Loan-to-values (LTVs) have begun to flatten out after increasing steadily since mid-2010. The average 1st charge LTV in Q1 2012 fell for the first time since Q3 2010. It fell from 50.2% in Q4 last year to 49.3%

But despite the quarter-on-quarter fall, the average 1st charge LTV was still 2.3 percentage points higher than the average for 2011 (47%). This reflects that property investors are tackling more ambitious projects than they were last year. It also reflects the strong credit performance of loan portfolios.

Duncan Kreeger explained: “LTVs have risen in line with increasing loan sizes as investors look to take on bigger, more ambitious projects that they can’t get funding for via high street banks.
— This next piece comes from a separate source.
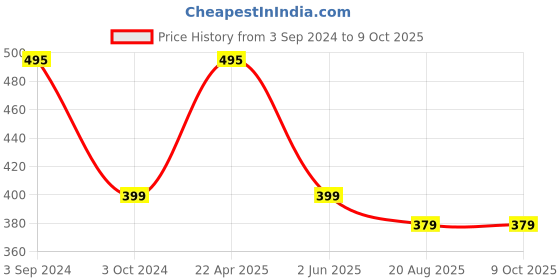 tatacliq.com eCraftIndia Handcrafted Meditating Blessing Buddha ecraftindia Price History Graph from 3 Sep 2024 to 8 Oct 2025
With the rental sector so vibrant at the moment, there is an increased appetite for larger residential projects so investors can maximize the returns they get from high rental yields.

We’re proud we’re able to produce this Index. The industry has been crying out for authoritative stats: there is a real lack of them at the moment. The Index quantifies just how well the bridging industry has been performing, and gives it a greater air of respectability with the rest of the lending market.”